# Materials provided
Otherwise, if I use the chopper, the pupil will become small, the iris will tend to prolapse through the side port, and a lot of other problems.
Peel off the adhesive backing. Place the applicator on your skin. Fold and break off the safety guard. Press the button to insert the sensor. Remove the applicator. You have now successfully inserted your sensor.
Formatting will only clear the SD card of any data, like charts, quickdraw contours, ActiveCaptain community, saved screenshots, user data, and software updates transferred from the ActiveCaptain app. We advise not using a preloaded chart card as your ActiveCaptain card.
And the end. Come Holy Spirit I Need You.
* * *
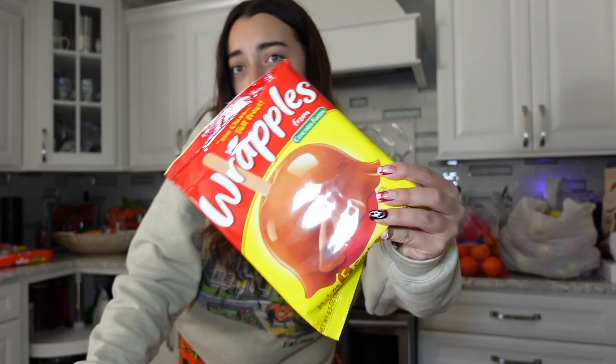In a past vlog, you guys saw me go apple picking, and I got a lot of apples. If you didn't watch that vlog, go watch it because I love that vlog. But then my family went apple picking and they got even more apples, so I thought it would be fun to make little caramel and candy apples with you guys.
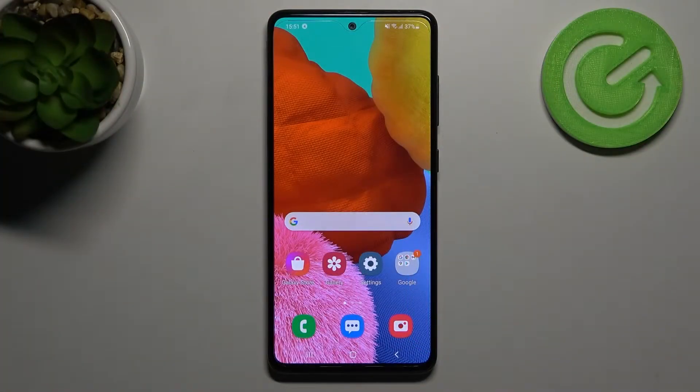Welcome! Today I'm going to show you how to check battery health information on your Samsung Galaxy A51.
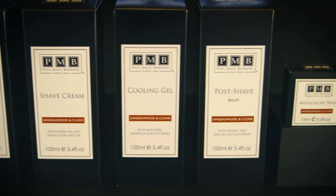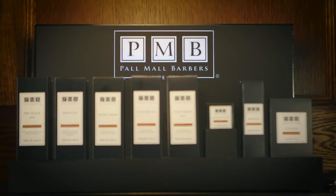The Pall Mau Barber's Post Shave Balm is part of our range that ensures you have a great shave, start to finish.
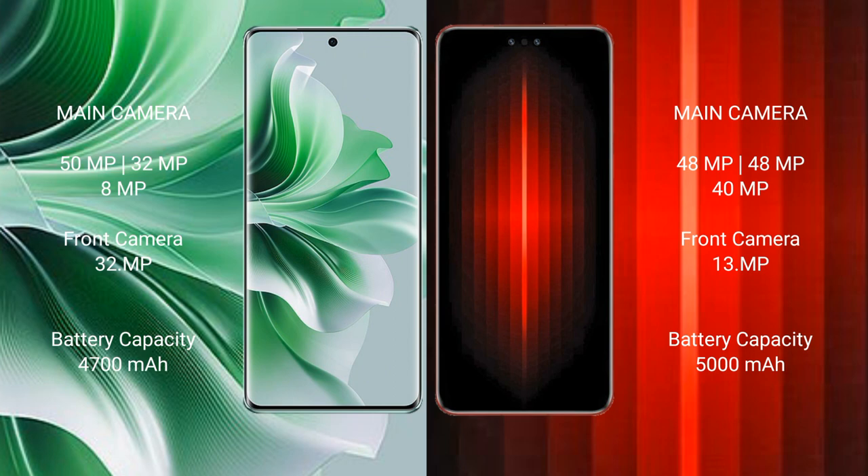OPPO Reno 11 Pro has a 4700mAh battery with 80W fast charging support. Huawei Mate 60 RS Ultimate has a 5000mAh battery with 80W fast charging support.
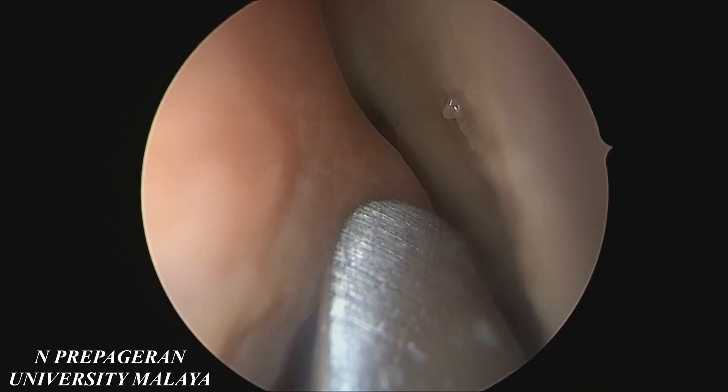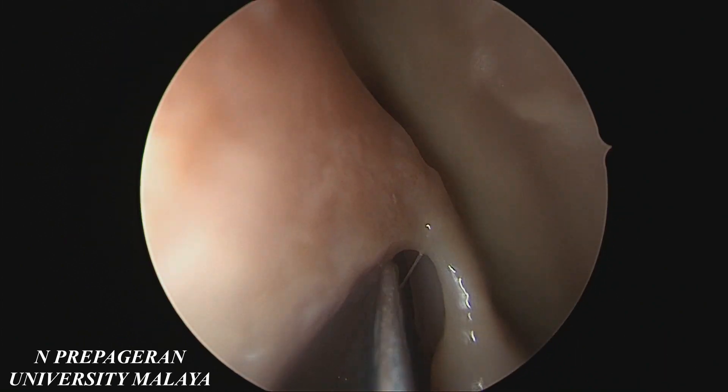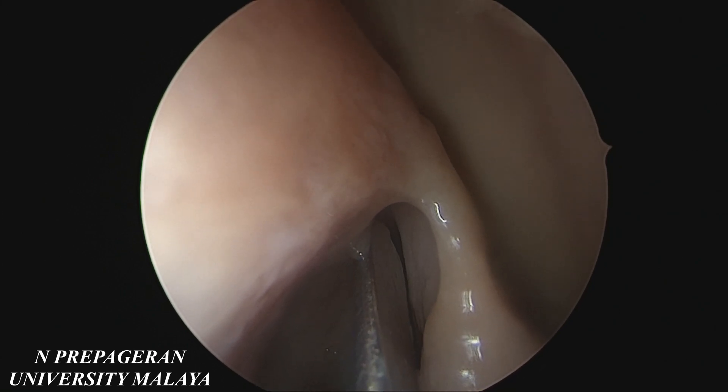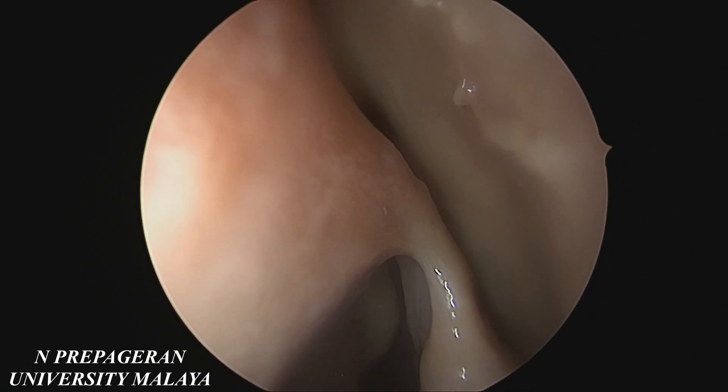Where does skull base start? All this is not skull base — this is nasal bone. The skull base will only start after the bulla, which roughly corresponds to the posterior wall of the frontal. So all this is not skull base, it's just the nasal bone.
---
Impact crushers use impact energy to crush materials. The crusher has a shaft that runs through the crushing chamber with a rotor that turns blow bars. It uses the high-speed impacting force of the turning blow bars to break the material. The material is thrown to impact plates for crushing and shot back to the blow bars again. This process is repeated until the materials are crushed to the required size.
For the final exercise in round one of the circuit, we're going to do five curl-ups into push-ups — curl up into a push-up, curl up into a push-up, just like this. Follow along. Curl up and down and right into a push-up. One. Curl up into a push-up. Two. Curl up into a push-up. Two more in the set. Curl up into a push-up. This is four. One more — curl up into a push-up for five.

# Required action
All lines in the listing above from the line containing "Otherwise, if I" to the line containing "Peel off the", inclusive, should be retyped exactly; no other lines should appear.

# Reply
Otherwise, if I use the chopper, the pupil will become small, the iris will tend to prolapse through the side port, and a lot of other problems.
Peel off the adhesive backing. Place the applicator on your skin. Fold and break off the safety guard. Press the button to insert the sensor. Remove the applicator. You have now successfully inserted your sensor.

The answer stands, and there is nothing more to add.